Mit einem Dank an alle, die zu Organisation und Gelingen des Bezirksbäuerinnentages beigetragen haben, eröffnete LLk-Präs. Josef Hechenberger seine Grußworte, aus denen auch Sorge sprach. Er dankte Bundesbäuerin Andrea Schwarzmann, dass sie in Entscheidungsgremien die Interessen der Bergland- und Grünland-Landwirtschaft vertrete: „Nicht alle denken so wie wir im Westen Österreichs“, so Hechenberger. „Sehr nachdenklich“ stimmte ihn heuer, dass „die Natur verrückt spielt. Das Wetter zeigt uns die Verwundbarkeit der Landwirtschaft und die Hilflosigkeit der Bauern“, so Hechenberger, der viele Gespräche mit Landwirten führte, die von der Trockenheit im Sommer sowie von den Unwetterfolgen in Osttirol existenzbedrohend betroffen sind. „Seit 252 Jahren gibt es Wetteraufzeichnungen – die 10 wärmsten Sommer wurden nach dem Jahr 2000 verzeichnet“, lieferte Hechenberger Fakten zur Erderwärmung und meinte, dass die Landwirtschaft dabei nicht das Problem sei, sondern die Lösung – mit Kreislaufwirtschaft und regionaler Versorgung ohne weite Transportwege.
Trachten verbinden
„Trachten sind Botschafter einer Region“, leitete die Trachtenschneiderin Christine Ehrenstrasser die von ihr präsentierte Trachtenmodenschau ein.
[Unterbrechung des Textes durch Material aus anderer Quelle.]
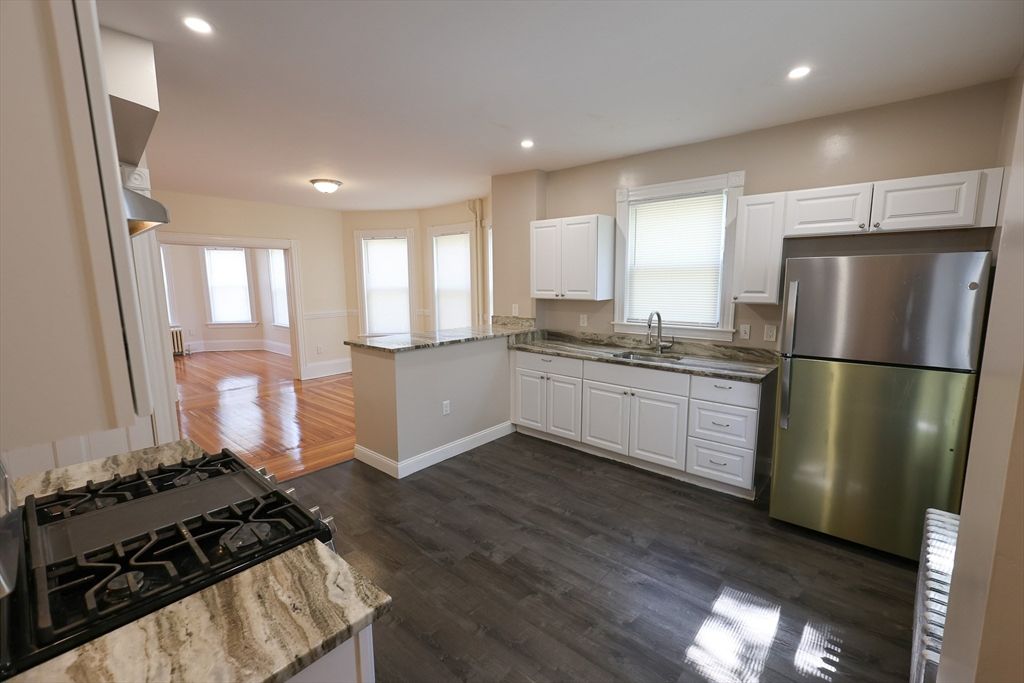 32 Robinson Street 1A, Boston, MA 02122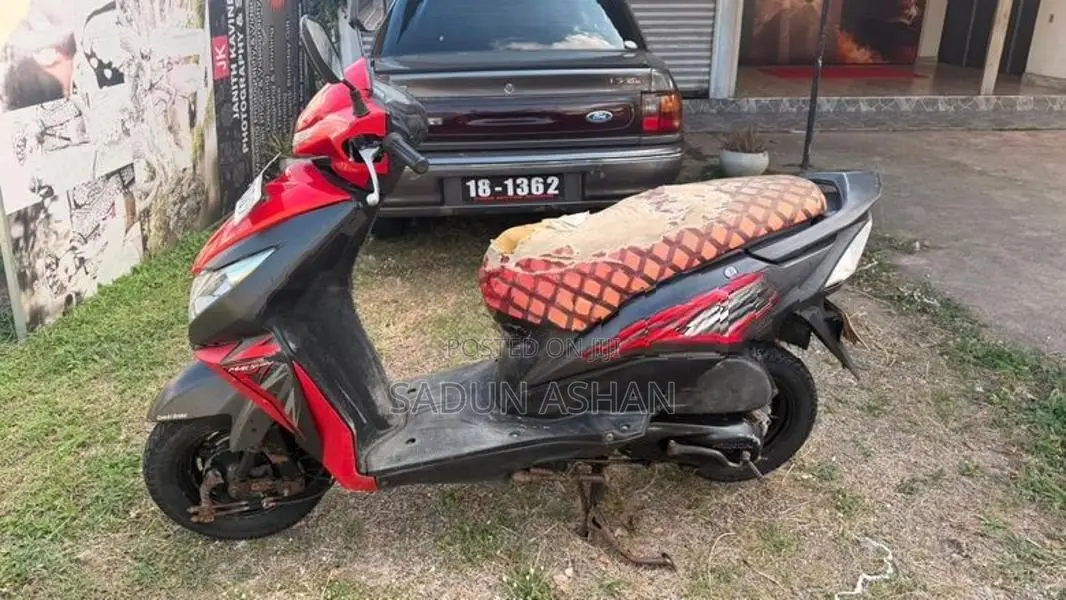 Honda Dio 2018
Originell sind nicht nur die Trachten – auch die kreative Präsentation war es, für die viele Bäuerinnen selbst in die Rolle von Models schlüpften und Kasettl, die Unterinntaler Tracht und Trachten aus anderen Landesteilen Tirols präsentierten. Gezeigt wurden bei der flotten Modeschau auch selbst geschneiderte Dirndl und Trachten, die in Trachtennähkursen unter der Anleitung von Christine Ehrenstrasser geschneidert wurden. Sie betreut seit 18 Jahren Trachtennähkurse und wirkte bei der Erstellung des neuen, vom Tiroler Landestrachenverband erstellten Buches „Die Tiroler Trachten“ mit, das künftig dazu beitragen soll, das Kulturgut Tracht in Originalität unverfälscht zu erhalten. Sei das Tragen der Tracht früher Bekenntnis zu einem Stand gewesen, so sei es heute ein Bekenntnis zur Region und ihres Brauchtums. „Es macht Freude, in unserer schnelllebigen Zeit etwas herzustellen und zu besitzen, das Beständigkeit hat“, so Ehrenstrasser.
Der Bäuerinnentag, der musikalisch von den „Tiroler Stimmen“ aus Bad Häring umrahmt wurde, klang mit einem gemeinsamen Mittagessen und viel „netzwerken“ bei Kaffee und Kuchen aus.